*** Material for this task ***

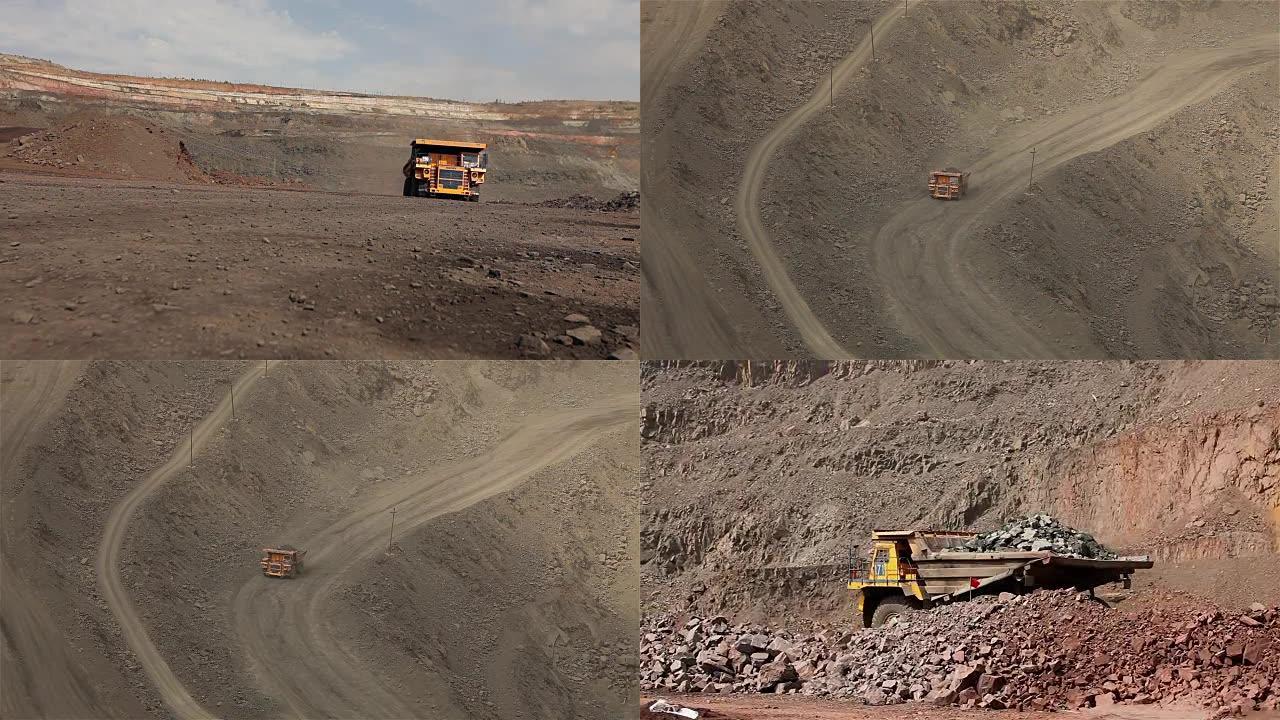 一辆大型自卸车经过职业生涯，一辆工业卡车在其采石场挖船，一辆大型黄色自卸车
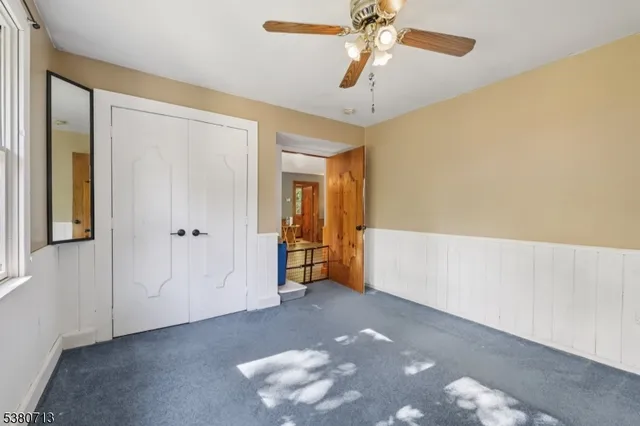 a view of livingroom with hardwood floor and ceiling fan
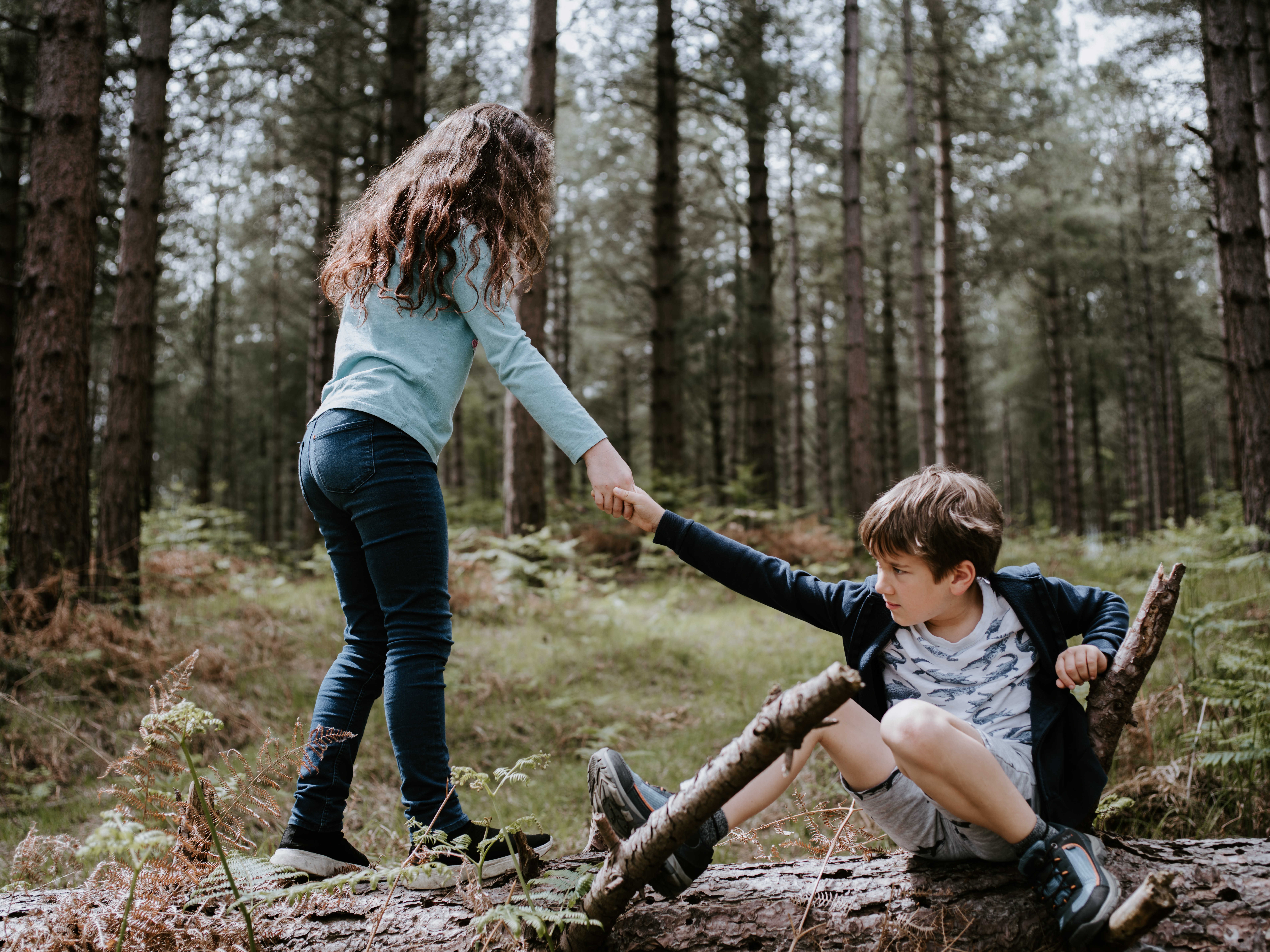 Girl helping boy stand up in the forest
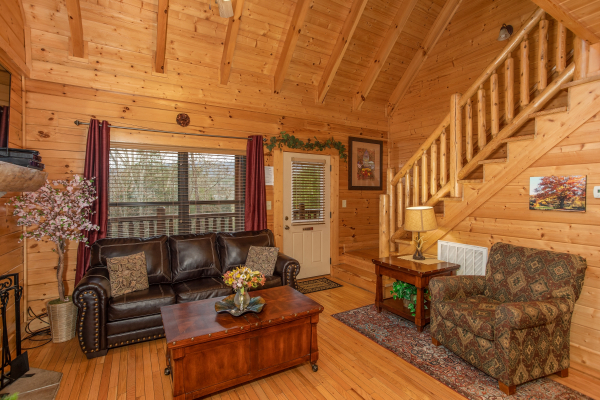 Seating in the living room at Let the Good Times Roll, a 2 bedroom cabin rental located in Pigeon Forge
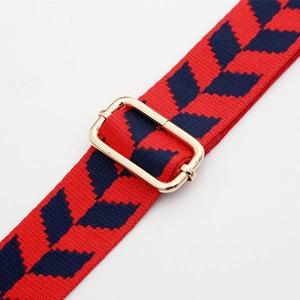 Adjustable jacquard bag strap with red leaf pattern and gold metal buckle detail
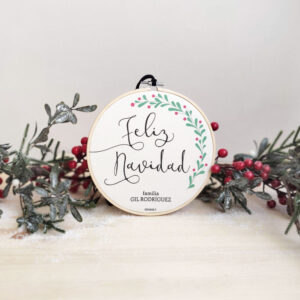 CORONA NAVIDAD PERSONALIZADA CASTELLANO APOYADA SOBRE RAMAS ACEBO
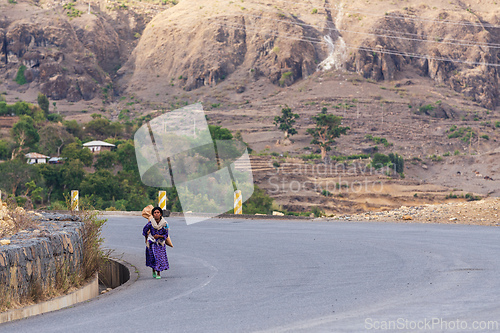 Image of Local woman in traditional clothing walks along the highway in the mountainous Amhara Region. Ethiopia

*** End of Material for this task ***

An exact copy of the lines from the one with "a view of livingroom" through the end of the records: produce that and nothing more, leaving out the pictures.

» **Output below**:
 a view of livingroom with hardwood floor and ceiling fan
 Girl helping boy stand up in the forest
 Seating in the living room at Let the Good Times Roll, a 2 bedroom cabin rental located in Pigeon Forge
 Adjustable jacquard bag strap with red leaf pattern and gold metal buckle detail
 CORONA NAVIDAD PERSONALIZADA CASTELLANO APOYADA SOBRE RAMAS ACEBO
 Image of Local woman in traditional clothing walks along the highway in the mountainous Amhara Region. Ethiopia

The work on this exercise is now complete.